Results: In normal subjects, indexing either TAPSE or RV s' to RV length led to an improvement in the correlation coefficient (from 0.59 to 0.68 for TAPSE, from 0.41 to 0.58 for RV s') and the variance (F statistic from 64.9 to 105.3 for TAPSE from 24.7 to 63.9 for RV s') for correlations with RVFWS. In all subjects, categorical concordance with RVFWS was improved by indexing TAPSE and s' to RV length primarily because of correction of underperformance to detect abnormal RVFWS in subjects with long RV length and better discrimination as normal for subjects with short RV length. Indexing to RV length improved the C statistic for detecting abnormal RVFWS for both TAPSE (0.80 vs 0.87, P = .03) and RV s' (0.65 vs 0.77, P = .002).

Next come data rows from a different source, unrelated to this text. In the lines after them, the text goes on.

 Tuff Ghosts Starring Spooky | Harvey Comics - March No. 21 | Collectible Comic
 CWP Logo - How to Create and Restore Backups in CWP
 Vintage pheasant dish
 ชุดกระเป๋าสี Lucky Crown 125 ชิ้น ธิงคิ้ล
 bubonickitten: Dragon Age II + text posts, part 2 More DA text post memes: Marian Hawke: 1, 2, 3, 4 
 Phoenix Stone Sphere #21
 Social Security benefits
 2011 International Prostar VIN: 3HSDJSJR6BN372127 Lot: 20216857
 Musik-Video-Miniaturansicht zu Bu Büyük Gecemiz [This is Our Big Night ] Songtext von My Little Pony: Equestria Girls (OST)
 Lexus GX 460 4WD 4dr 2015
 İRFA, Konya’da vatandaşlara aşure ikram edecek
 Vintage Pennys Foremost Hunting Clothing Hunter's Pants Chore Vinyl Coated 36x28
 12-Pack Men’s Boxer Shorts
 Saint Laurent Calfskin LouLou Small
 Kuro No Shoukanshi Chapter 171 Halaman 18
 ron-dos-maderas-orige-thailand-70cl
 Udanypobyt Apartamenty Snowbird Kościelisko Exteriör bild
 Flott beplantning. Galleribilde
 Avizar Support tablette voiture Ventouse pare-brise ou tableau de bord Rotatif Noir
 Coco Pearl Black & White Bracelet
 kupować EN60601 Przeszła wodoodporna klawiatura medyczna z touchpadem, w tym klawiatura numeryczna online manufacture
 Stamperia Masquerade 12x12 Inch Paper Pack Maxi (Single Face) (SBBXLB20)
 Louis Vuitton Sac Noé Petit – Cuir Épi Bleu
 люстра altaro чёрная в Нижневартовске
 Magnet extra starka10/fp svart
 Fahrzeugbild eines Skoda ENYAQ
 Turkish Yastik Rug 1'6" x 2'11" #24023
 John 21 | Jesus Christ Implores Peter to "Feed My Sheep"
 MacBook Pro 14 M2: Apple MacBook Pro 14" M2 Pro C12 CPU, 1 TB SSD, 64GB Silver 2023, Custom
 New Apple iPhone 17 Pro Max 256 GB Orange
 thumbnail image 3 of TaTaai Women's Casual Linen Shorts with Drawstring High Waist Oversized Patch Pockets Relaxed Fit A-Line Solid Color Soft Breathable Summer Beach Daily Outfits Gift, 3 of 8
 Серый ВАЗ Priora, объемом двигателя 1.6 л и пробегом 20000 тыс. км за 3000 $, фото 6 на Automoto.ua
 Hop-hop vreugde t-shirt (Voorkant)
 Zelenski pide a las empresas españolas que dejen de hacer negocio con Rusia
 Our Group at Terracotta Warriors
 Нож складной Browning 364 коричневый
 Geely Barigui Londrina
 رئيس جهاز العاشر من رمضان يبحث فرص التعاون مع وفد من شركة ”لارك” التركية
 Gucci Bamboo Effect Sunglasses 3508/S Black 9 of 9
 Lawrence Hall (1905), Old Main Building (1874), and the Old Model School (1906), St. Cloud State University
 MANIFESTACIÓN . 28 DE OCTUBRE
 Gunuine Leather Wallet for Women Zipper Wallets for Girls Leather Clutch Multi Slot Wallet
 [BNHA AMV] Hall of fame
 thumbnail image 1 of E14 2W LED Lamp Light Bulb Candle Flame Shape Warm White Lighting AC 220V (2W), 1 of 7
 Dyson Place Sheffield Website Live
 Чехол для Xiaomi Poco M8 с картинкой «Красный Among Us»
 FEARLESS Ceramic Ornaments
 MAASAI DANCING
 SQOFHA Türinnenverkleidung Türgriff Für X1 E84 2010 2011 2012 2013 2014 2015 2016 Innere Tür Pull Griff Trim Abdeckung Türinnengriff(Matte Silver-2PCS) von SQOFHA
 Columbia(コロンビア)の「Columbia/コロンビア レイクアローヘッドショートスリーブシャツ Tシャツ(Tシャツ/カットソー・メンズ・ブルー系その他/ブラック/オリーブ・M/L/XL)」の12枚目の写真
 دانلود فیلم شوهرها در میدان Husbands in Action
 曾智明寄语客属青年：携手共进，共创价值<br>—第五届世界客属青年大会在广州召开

Conclusions: Indexing TAPSE and RV s' to RV length improves concordance of these deformational measurements with RVFWS and their ability to classify those with RV dysfunction according to RVFWS. Indexing TAPSE and RV s' to length is particularly effective for interpreting paradoxical information such as low TAPSE and s' in normal patients with short RV length and those with increased RV length who have normal TAPSE and s' values but other evidence of RV dysfunction.